Changing the way a company does its accounts does change the value of the company for the better

"ABSA joins chorus of doom" on today´s Fin24.com states that ABSA´s operating performance had been knocked by a REDUCTION IN THE VALUE of investment portfolios"

R3.326 Billion of the real value of ABSA´s Retained Earnings was not just reduced during their 2008 financial year but actually unknowingly DESTROYED by ABSA´s accountants implementing the stable measuring unit assumption as an accounting policy chosen by their Board of Directors. They are doing the same this year. Measurement in units of constant purchasing power is compliant with IFRS.

R3.326 Billion is also, more or less, the amount that ABSA´s accountants will unknowingly destroy in the real value of the bank´s Retained Earnings during their current financial year as a result of their implementation of the stable measuring unit assumption because the ABSA Board of Directors selected financial capital maintenance in nominal monetary units instead of in units of constant purchasing power in terms of the IASB´s Framework, Par. 104 (a) which states that "Financial capital maintenance can be measured in either nominal monetary units or in units of constant purchasing power."

Both bases are compliant with IFRS since the Framework applies (see IAS 8.11). There is not one specific IFRS relating to the valuing of Retained Earnings.

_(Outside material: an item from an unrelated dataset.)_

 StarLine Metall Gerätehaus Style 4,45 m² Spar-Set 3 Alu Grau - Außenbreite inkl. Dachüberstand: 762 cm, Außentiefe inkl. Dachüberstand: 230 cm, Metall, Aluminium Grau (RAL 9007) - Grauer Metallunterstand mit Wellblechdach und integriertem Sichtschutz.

R3.326 Billion is the estimated amount that ABSA´s accountants will maintain in the real value of the banks Retained Earnings during this finacial year and every year there after - ceteris paribus - if ABSA´s Board of Directors decide today to reject the stable measuring unit assumption and to maintain the banks financial capital in real value maintaining units of constant purchasing power - which is compliant with IFRS - instead of in real value destroying nominal monetary units - which is also compliant with IFRS, but, results in their accountants unknowingly destroying the real value of their Retained Earnings as described above.

I think Maria Ramos should perhaps have a look at this.

R3.326 Billion is 4.5% of ABSA´s current market value.

Changing the way a company does its accounts does change the value of the company for the better.